WILDE TALES (Quintessence): Where the WILDE things are

Ashton Carter and chorus in WILDE TALES. Photo by Shawn May.
Ashton Carter and chorus in WILDE TALES. Photo by Shawn May.

Oscar Wilde once wrote to a friend that his two books of fairy tales were intended “partly for children and partly for those who have kept the childlike faculties of wonder and joy and who find in simplicity a subtle strangeness.”

New to Quintessence Theatre, director Jeremy Bloom has selected and adapted five stories for this stage production of WILDE TALES. Performers include the acting ensemble and a children’s chorus. The enormously talented David Cope, who has written the music for many Quintessence productions, composed the music and wrote the songs, whose lyrics are taken from Wilde’s prison writings.

The experience of the play is like watching an illustrated storybook. Life lessons are imparted with inspired costumes (Jane Casanave), cleverly used set pieces, little toys, and cute glove puppets (Martina Plag). Yet, at times its simplified approach to acting and staging results in a kind of kindergarten recital performed by adults, and the lively show crosses the line from childlike to childish — two very different things.

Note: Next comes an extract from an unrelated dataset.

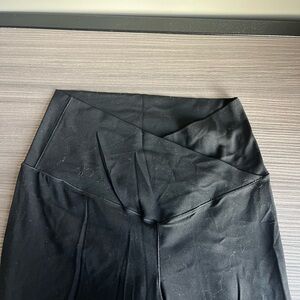 Aerie white leg leggings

Act I covers three stories:In The Happy Prince, an ultimate do-gooder uses a swallow to help him accomplish his aims. The roles are sensitively interpreted, despite the constraints of the acting style, by Mattie Hawkinson, Vanessa Sterling, and Hannah Wolff. The second story, The Nightingale and the Rose, sung by the intrepid children’s chorus and acted by the ensemble (featuring Ife Foy, Aneesa Neibauer, and Mattie Hawkinson), has wonderful lyrics, including, “Love is wiser than philosophy, ‘tho philosophy is wise.” The Selfish Giant rings a timely bell. Played by dynamic Ashton Carter, a giant builds a wall to keep the children out of his garden. One hopes that these days it is still possible, as in the story, to melt an ego-centered giant’s heart.

In Act II The Devoted Friend, which is both narrated and acted, teaches the unselfishness of true friendship by showing its outrageous opposite. Wilde’s witticisms break through in lines like, “A story with a moral is always a very dangerous thing to do,” and “I feel quite drowsy. It’s just like being in church.” Mattie Hawkinson and Aneesa Neibauer handle this one well, and Michael Gamache has a wickedly arrogant and witty Wilde edge. In the last tale Terence Gleeson amusingly and archly delivers the self-absorbed introspection of The Remarkable Rocket. The Rocket lazily observes that “Hard work is simply the refuge of people who have nothing whatever to do.”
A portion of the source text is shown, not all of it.